▶ [DIRECTIONS] Every line from the one with "4 mazzi di carte da gioco da collezione" to the one with "Sala 3 de casa", including those two, is to be copied exactly; all other lines of the entries below are left out.

▶ [ENTRIES SUPPLIED]

□ □ □

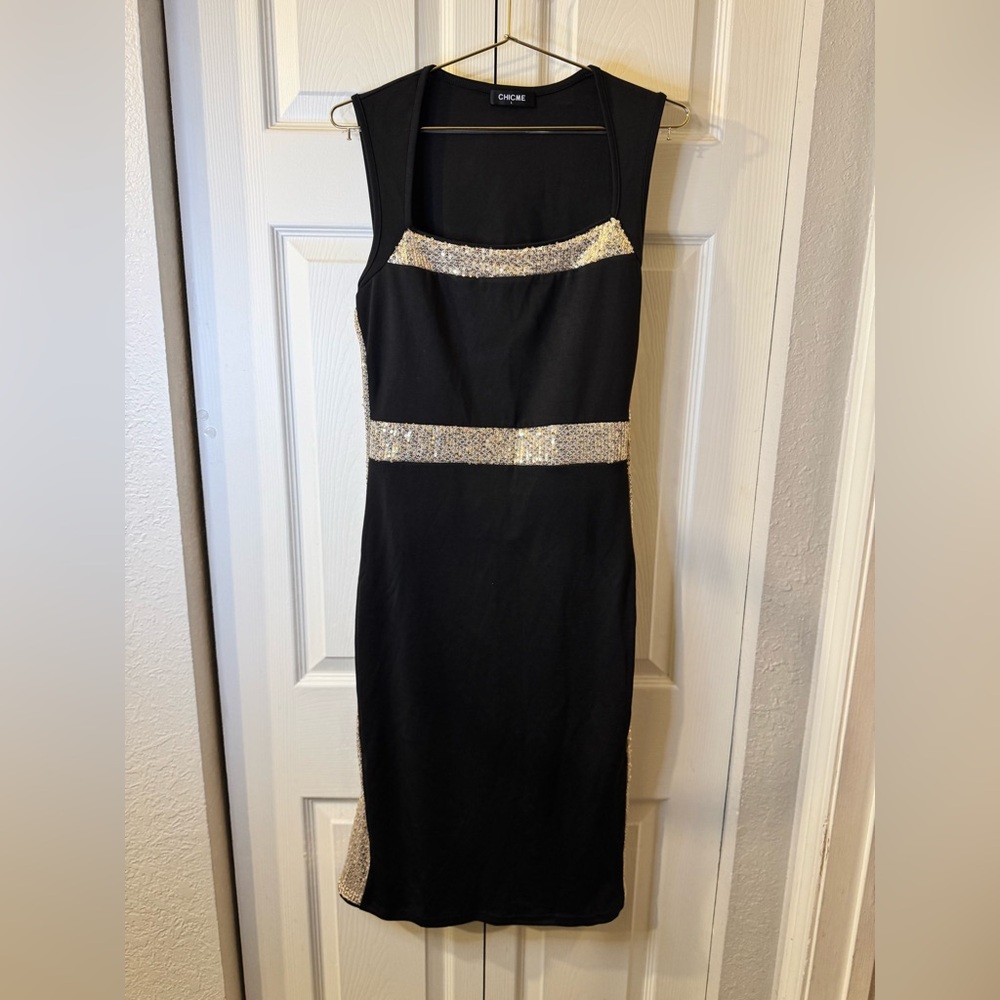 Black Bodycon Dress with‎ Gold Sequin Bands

□ □ □

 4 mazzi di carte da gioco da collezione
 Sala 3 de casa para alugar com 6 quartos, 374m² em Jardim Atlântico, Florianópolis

□ □ □

▶ [PROBLEM SOLUTION]
 4 mazzi di carte da gioco da collezione
 Sala 3 de casa para alugar com 6 quartos, 374m² em Jardim Atlântico, Florianópolis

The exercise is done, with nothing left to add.